■ **Work task**
Leave every picture out, and give again exactly the lines from the one containing "Free Close-up of" through the end of the listing.

■ **Supplied material**
▬▬▬
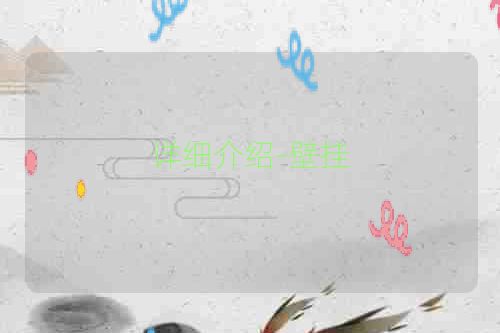 详细介绍-壁挂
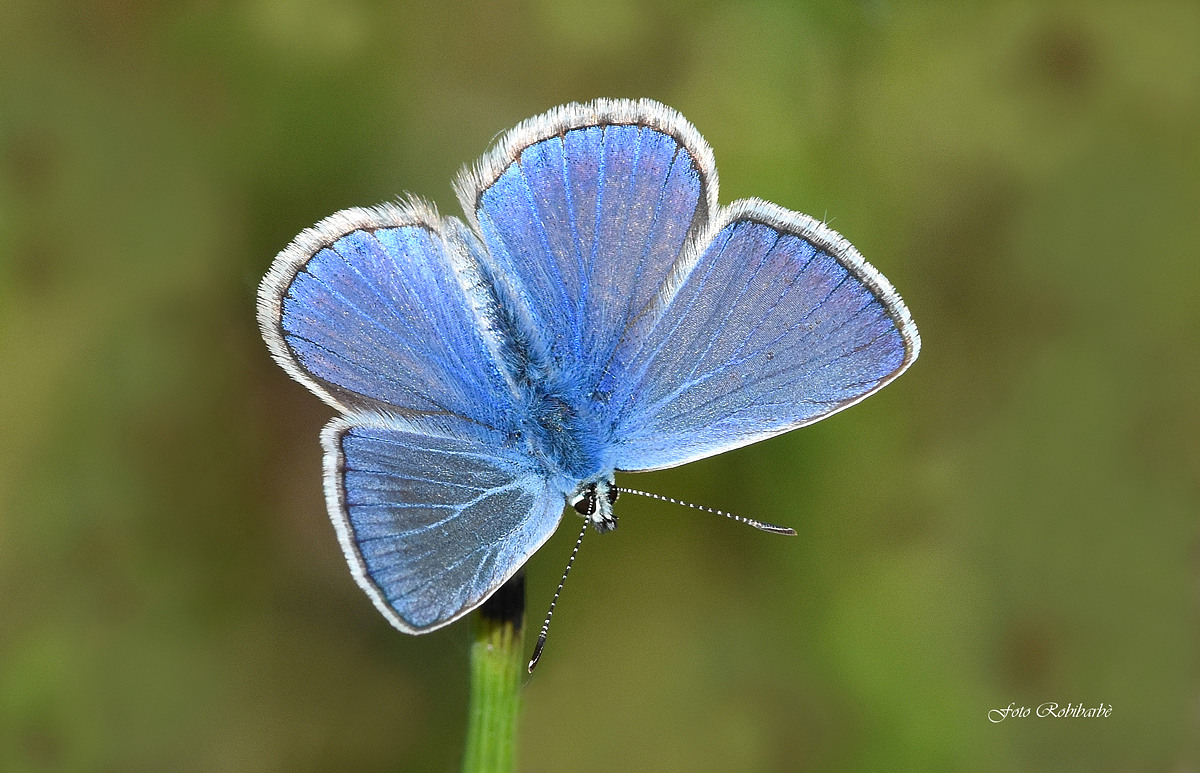Cupido Alcetas... Alceta...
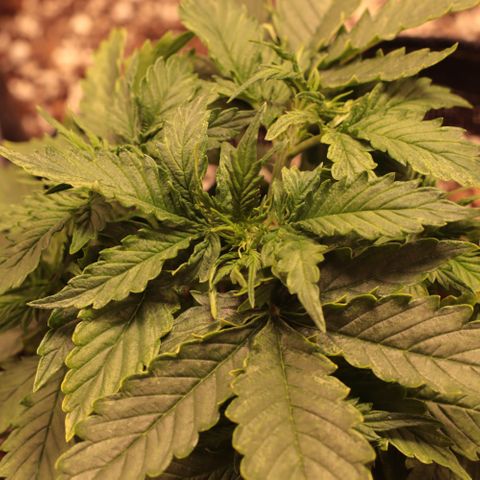 Padmé Amídala growlog timeline photo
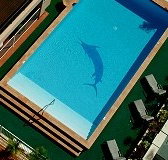 Pacific International Hotel - New Castle Holiday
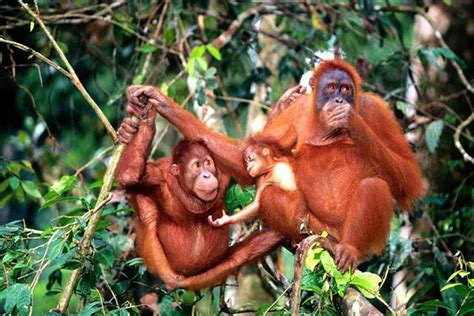 Saya mengambil peluang untuk melihat sendiri dari jarak depat bagaimana rupa, cara hidup dan penjagaan haiwan yang termasuk dalam kategori bakal pupus kalau tiada tindakkan diambil. TripAdvisor | Bukit Merah Orang Utan Insel & Perak ...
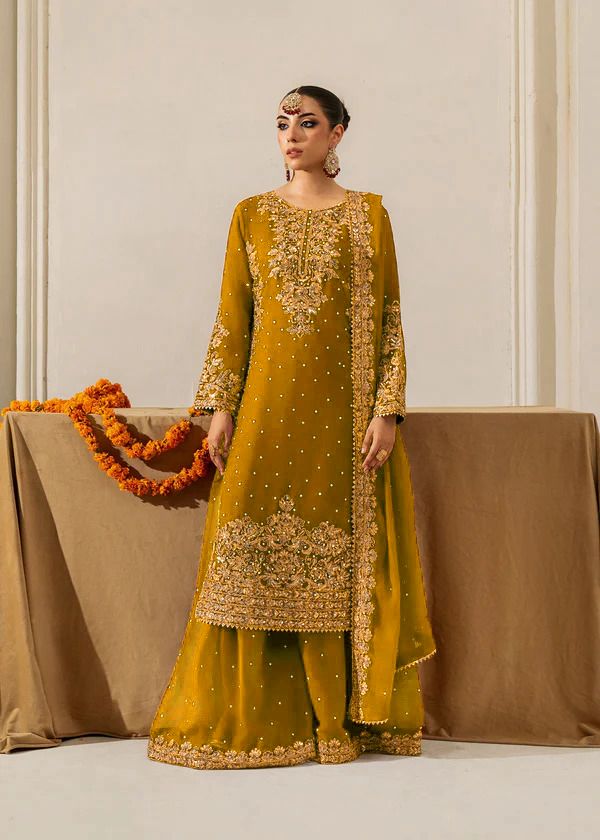 Pakistani Embroidered Straight Suit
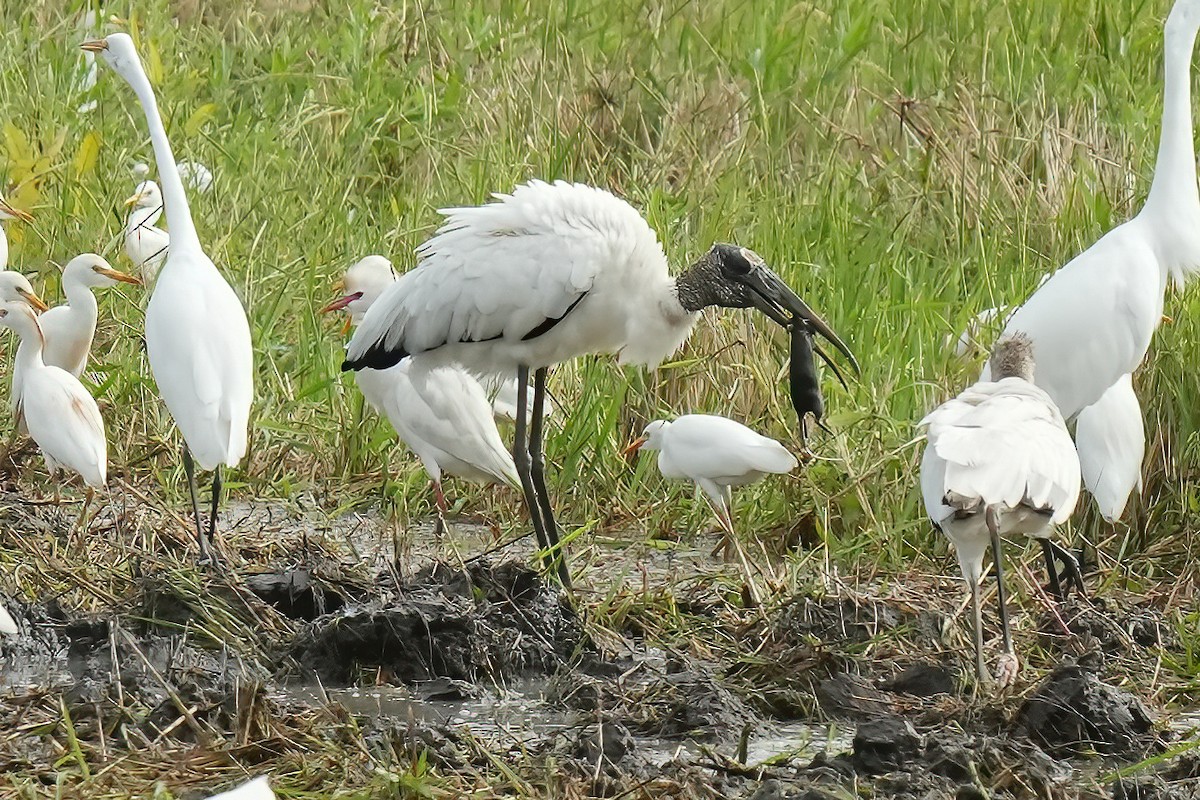 Wood Stork - ML644685540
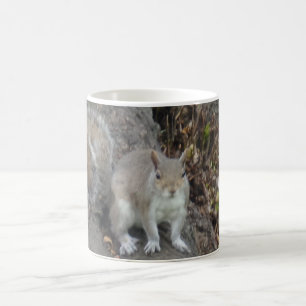 Squirrel White Coffee Mug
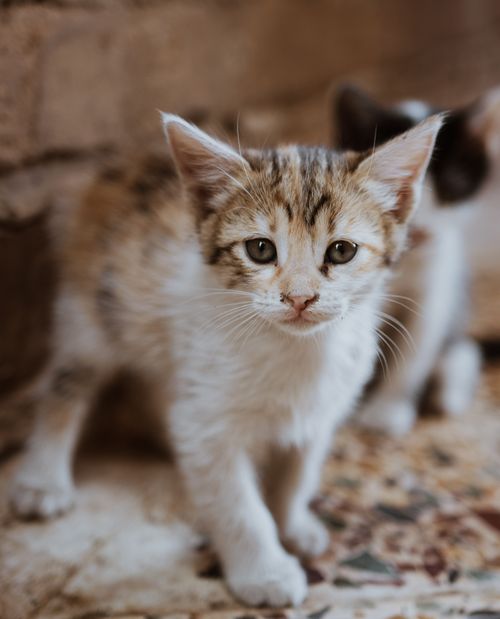 Free Close-up of a curious kitten indoors, displaying soft fur and sharp whiskers. Stock Photo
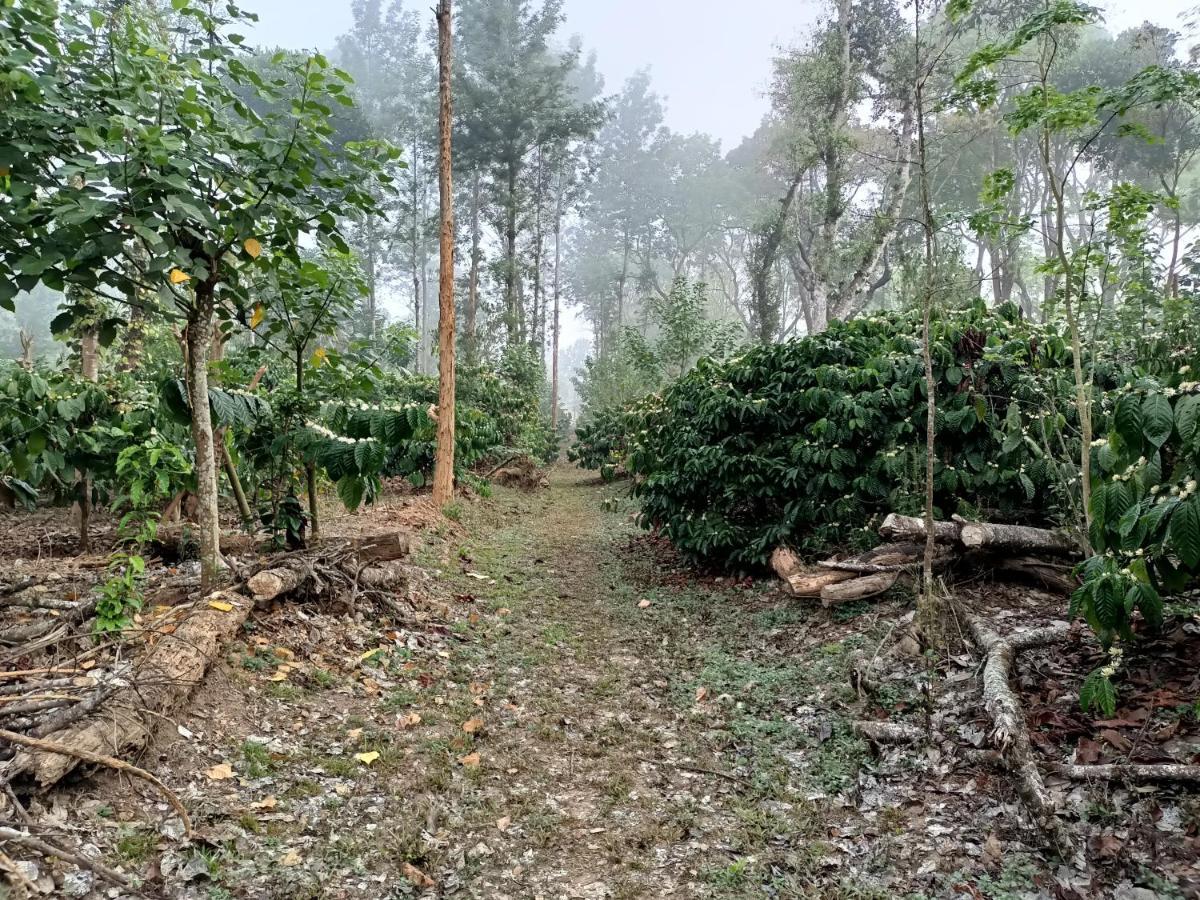 Hotel Coorg Kolamotte Gonikoppal Zewnętrze zdjęcie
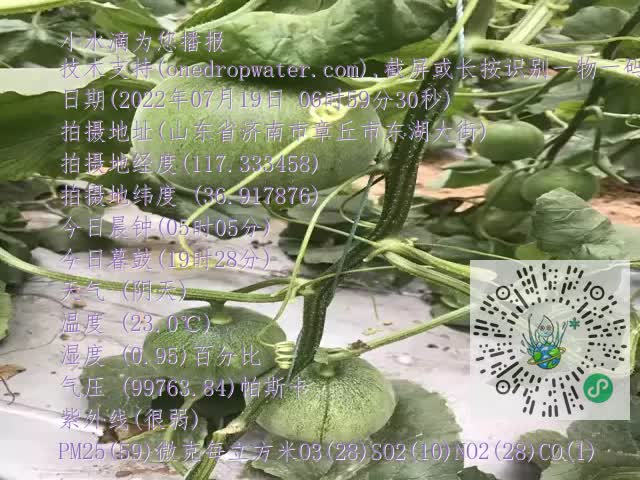 0.mp4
▬▬▬
■ **Answer below**
 Free Close-up of a curious kitten indoors, displaying soft fur and sharp whiskers. Stock Photo
 Hotel Coorg Kolamotte Gonikoppal Zewnętrze zdjęcie
 0.mp4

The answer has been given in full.